* [ASSIGNMENT]: For the entries that follow, restate word for word the line containing "Bathroom in 2.5", the line containing "swag slime blue", and every line that lies between them.
*** SUPPLIED RECORDS Section Begins ***
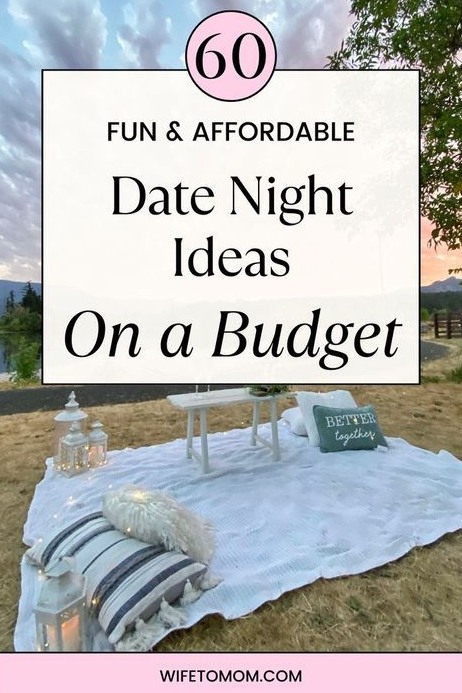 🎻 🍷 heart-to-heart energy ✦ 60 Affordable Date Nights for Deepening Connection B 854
*** SUPPLIED RECORDS Section Ends ***
*** SUPPLIED RECORDS Section Begins ***
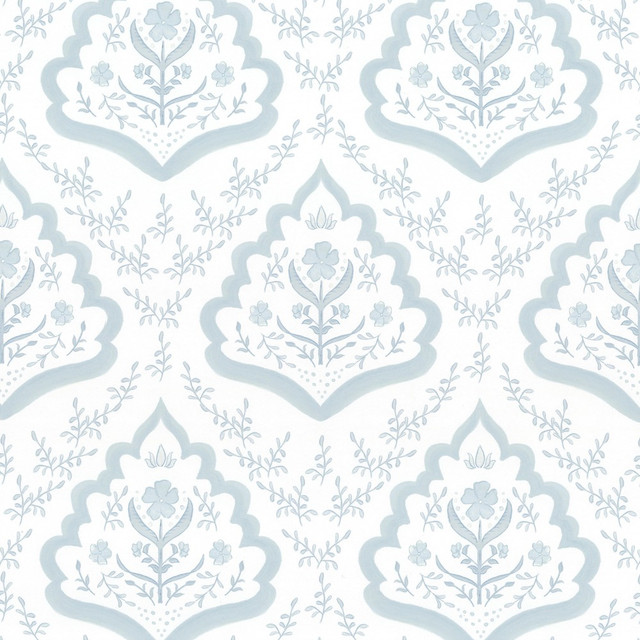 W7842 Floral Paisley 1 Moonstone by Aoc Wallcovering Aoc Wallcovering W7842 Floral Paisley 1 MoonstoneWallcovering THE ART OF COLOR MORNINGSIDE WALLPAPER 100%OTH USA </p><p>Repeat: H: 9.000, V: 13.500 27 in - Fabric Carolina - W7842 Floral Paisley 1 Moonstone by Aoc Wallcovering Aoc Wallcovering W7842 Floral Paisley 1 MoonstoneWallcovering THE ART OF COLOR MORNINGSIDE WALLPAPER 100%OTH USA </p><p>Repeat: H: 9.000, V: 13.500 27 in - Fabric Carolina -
*** SUPPLIED RECORDS Section Ends ***
*** SUPPLIED RECORDS Section Begins ***
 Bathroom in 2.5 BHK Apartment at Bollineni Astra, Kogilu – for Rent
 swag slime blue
*** SUPPLIED RECORDS Section Ends ***
* [RESPONSE TO THIS EXERCISE]:
 Bathroom in 2.5 BHK Apartment at Bollineni Astra, Kogilu – for Rent
 swag slime blue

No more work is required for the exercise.